OK – so it’s not going to send the country broke. The estimated cost is somewhere in the range of $500,000. But it’s a totally unnecessary bit of expenditure, brought about by one thing only – Nelson’s refusal to honour his contract with the people of Bradfield by serving for three years.
Nelson can argue that because he is off to take up some job in the defence industry that the position could not have remained open until next year’s federal election. He can also argue (insincerely) that his departure from politics gives Malcolm Turnbull some clear air, as opposed to the reality that he’s created a shocking political nightmare for the man who seized his job last year.

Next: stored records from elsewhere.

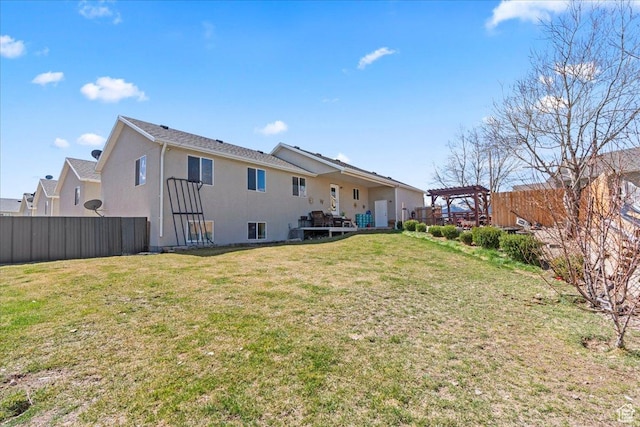 379 S Utah Dr, Grantsville, UT 84029 - back of house featuring a yard, a pergola, stucco siding, and fence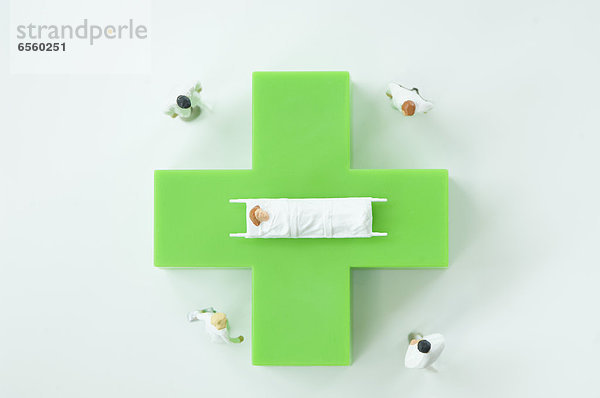 Figuren von Ärzten und Patienten mit grünem medizinischen Symbol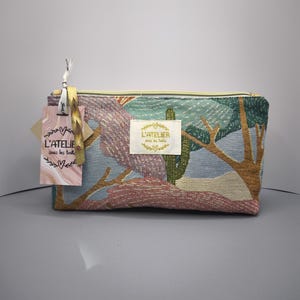 Pode incluir: Necessaire retangular de tape&ccedil;aria com um desenho de paisagem em tons de azul, verde, rosa e castanho. A bolsa tem um fecho de correr dourado e uma etiqueta que diz "L'ATELIER sous les toits".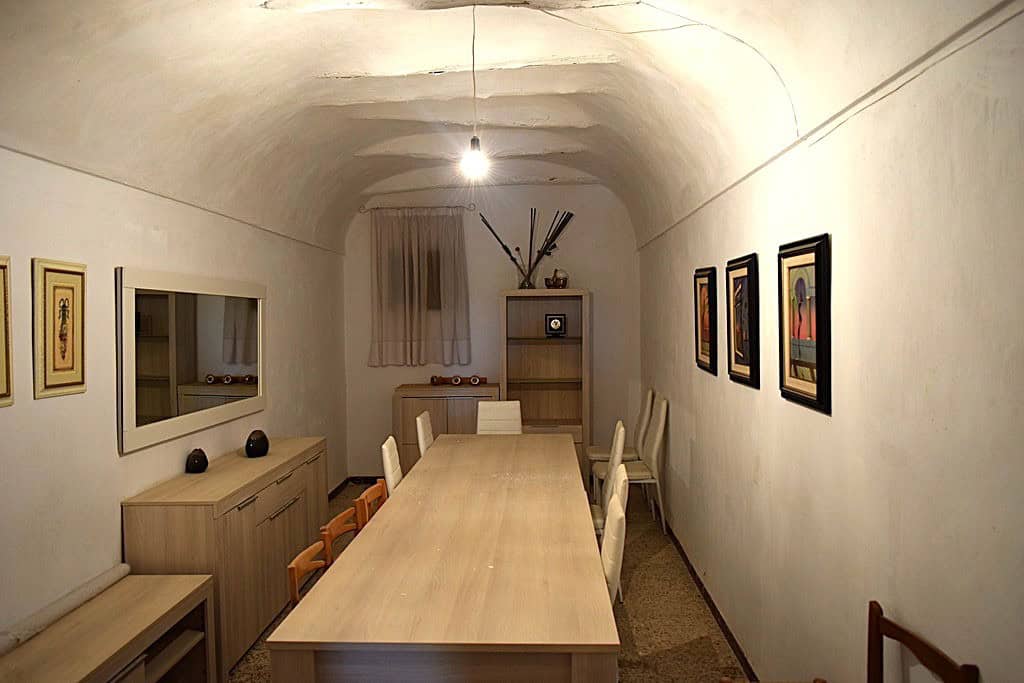 Cave house interior with a dining table, chairs, and cozy decor in El Margen, Granada.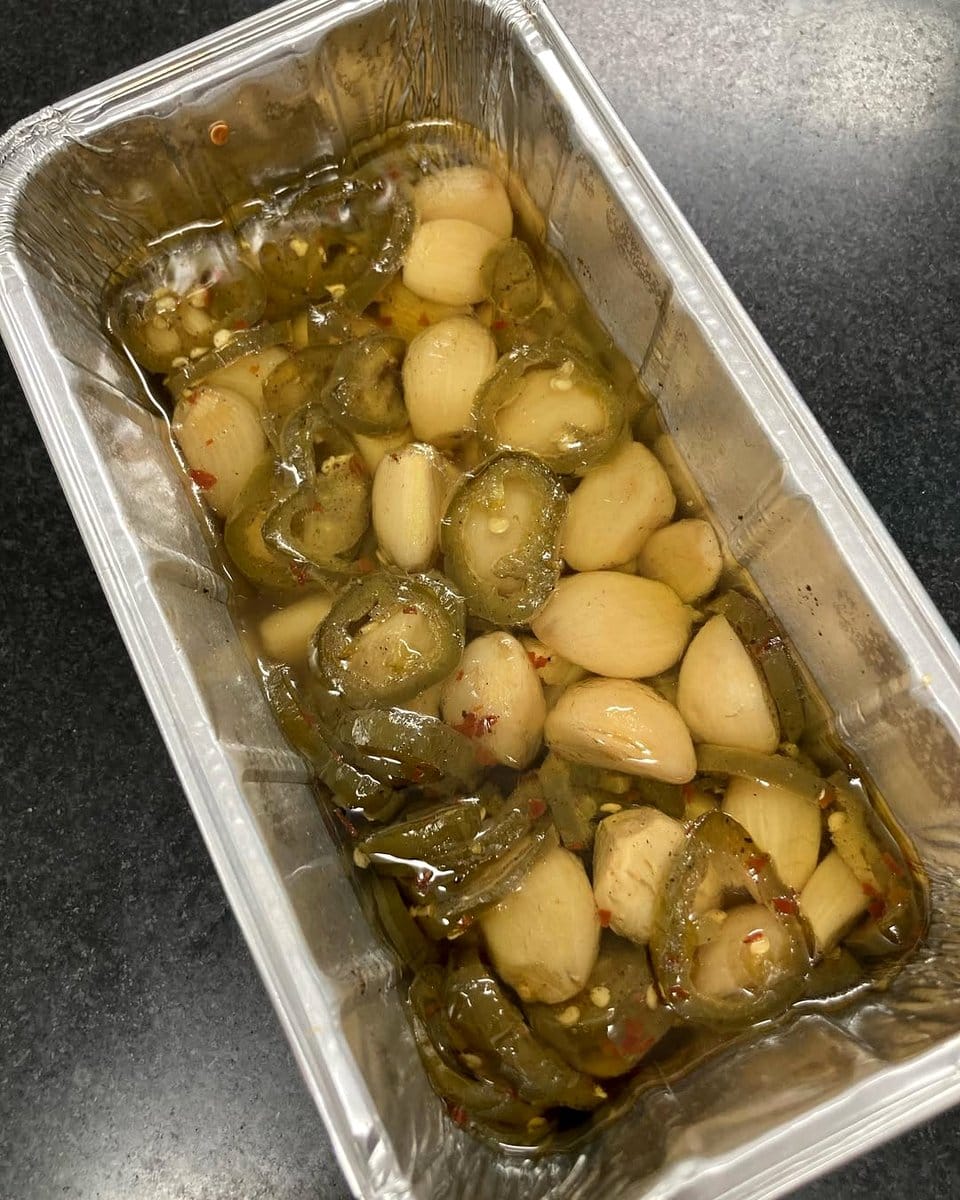 garlic cloves and pepper flakes on table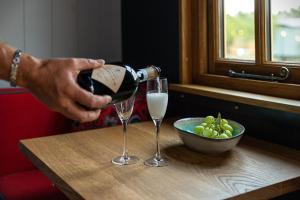 a person pouring a glass of wine on a table at Da Vinci's Den in North Tawton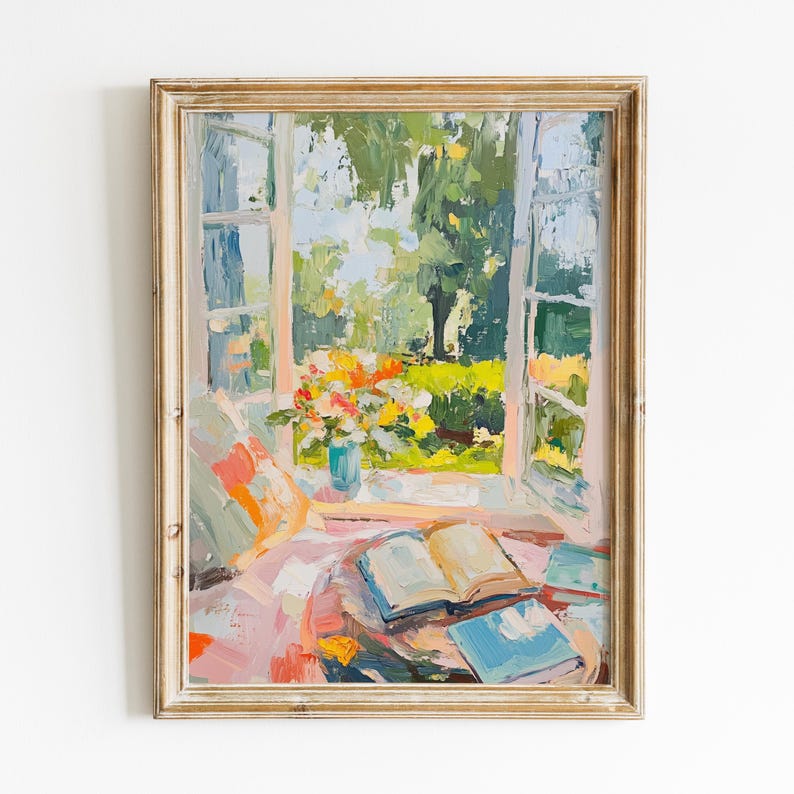 May include: A painting of a window with open curtains looking out onto a garden with a vase of flowers on a table with books. The painting is in a light wood frame.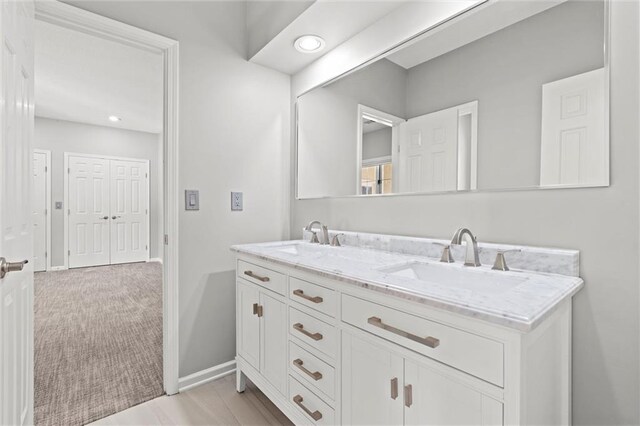 4101 W 123rd St, Leawood, KS 66209 - full bathroom featuring double vanity, recessed lighting, and baseboards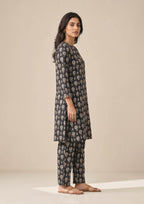 Seated view of Floral Co-ord Noir printed lawn coard suit with coordinated floral shirt and straight-leg trouser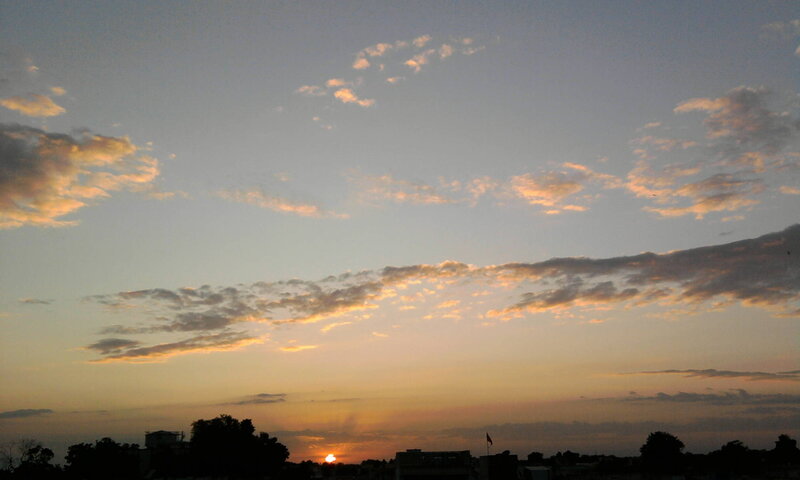 Sunset over City Skyline — Orange, Serene, Photograph, Clouds, Buildings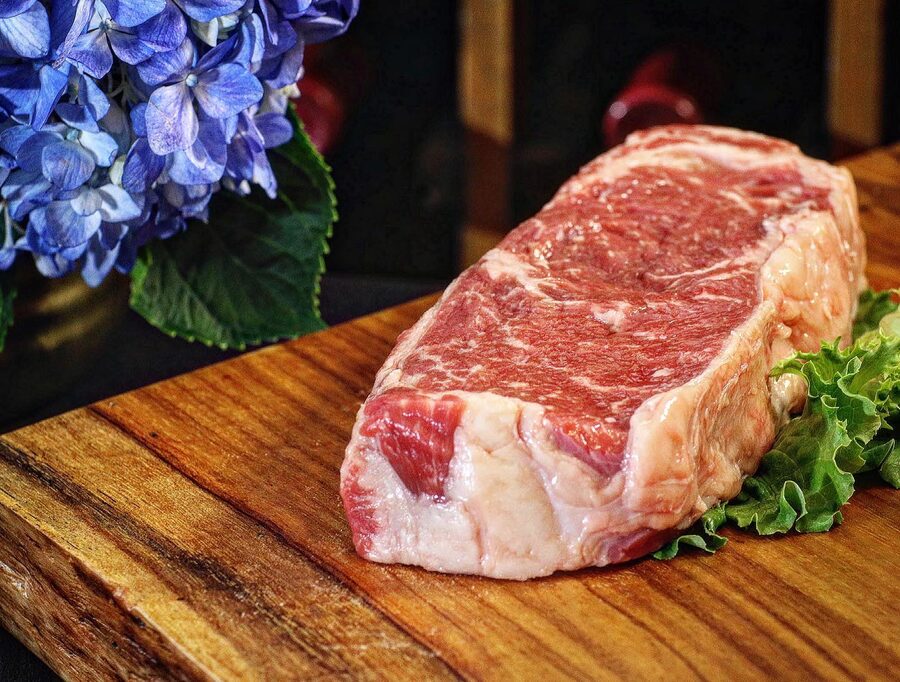 Marbled NY strip ready to cut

The people of Bradfield are hardly battlers and are unlikely to suffer anything other than minor inconvenience at having to go to the polls for a frivolous by-election, and then return again next year for the big one.
But given the size of the pension and super entitlements which can be accesseds by a veteran MP such as Nelson - who served as a minister and opposition leader – it seems a bit rich that none of the costs of this by-election of his own making will be borne by him.
As for Malcolm Turnbull, if it were legal, he’d probably be prepared to pay good money to make this hideous state of affairs go away. The dangers to Malcolm Turnbull from the Bradfield by-election are two-fold.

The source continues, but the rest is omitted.